A negative review came from David Denby of New York Magazine in March 1998, who called the film a "sexual roundelay", adding that "The Real Blonde undresses quite a few people, but the picture is so dully written and uncertainly directed that the audience is left wondering whether the stentorian clichés coming out of the characters' mouths are meant satirically or simply represent DiCillo's idea of how people talk." In March 1998, Owen Gleiberman of Entertainment Weekly gave it a C+, commenting "the movie, an attack on superficiality, never quite makes it out of the shallow end." Marc Savlov of The Austin Chronicle labelled it a "very crowded movie that babbles endlessly without ever saying very much." Geoffrey Macnab of British paper The Independent wrote, "director Tom DiCillo finally got a decent budget for his satire The Real Blonde, but there's still no danger of this director joining the movie mainstream."

It was featured on an episode of Siskel & Ebert, where it received two thumbs up from Gene Siskel and Roger Ebert.
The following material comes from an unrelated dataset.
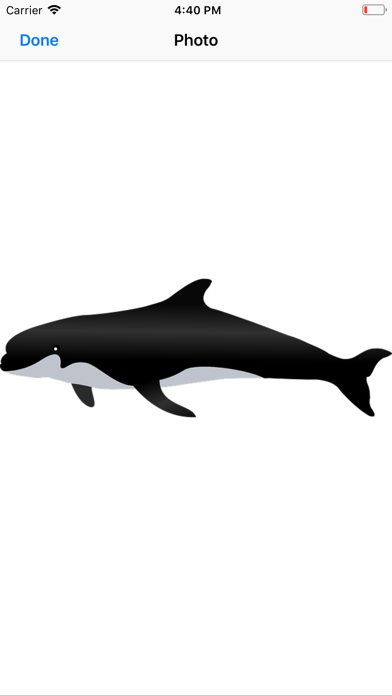 Real Whale Stickers screenshot 2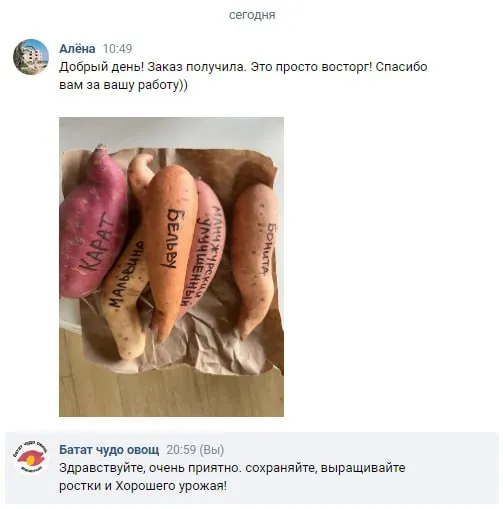 Отзыв о выращивании батата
In his other review for the Chicago Sun-Times, Ebert gave the film 3 out of 4 stars, and wrote:[Director/writer DiCillo] devises brief, sharply observed scenes. He notices, for example, the way a makeup artist makes up not only a model's face but also her attitude. The way the karate instructor, playing an aggressor, takes a sly pleasure in using sexist insults. The way people talk knowledgeably about movies they haven't seen. The way a guy who's embarrassed to be in a porno store will brazen it out. All of the actors are right for their roles because a degree of typecasting has been done, but Daryl Hannah brings a particularly focused energy to the role of a soap opera actress who is not impressed that a guy is impressed by her. And Catherine Keener brings a wry wit to her character; she sees models on Times Square billboards and knows what it took to get them there. The characters are articulate enough to talk about what really moves them; they don't play sitcom games. DiCillo never puts two and two together, but somehow it all adds up.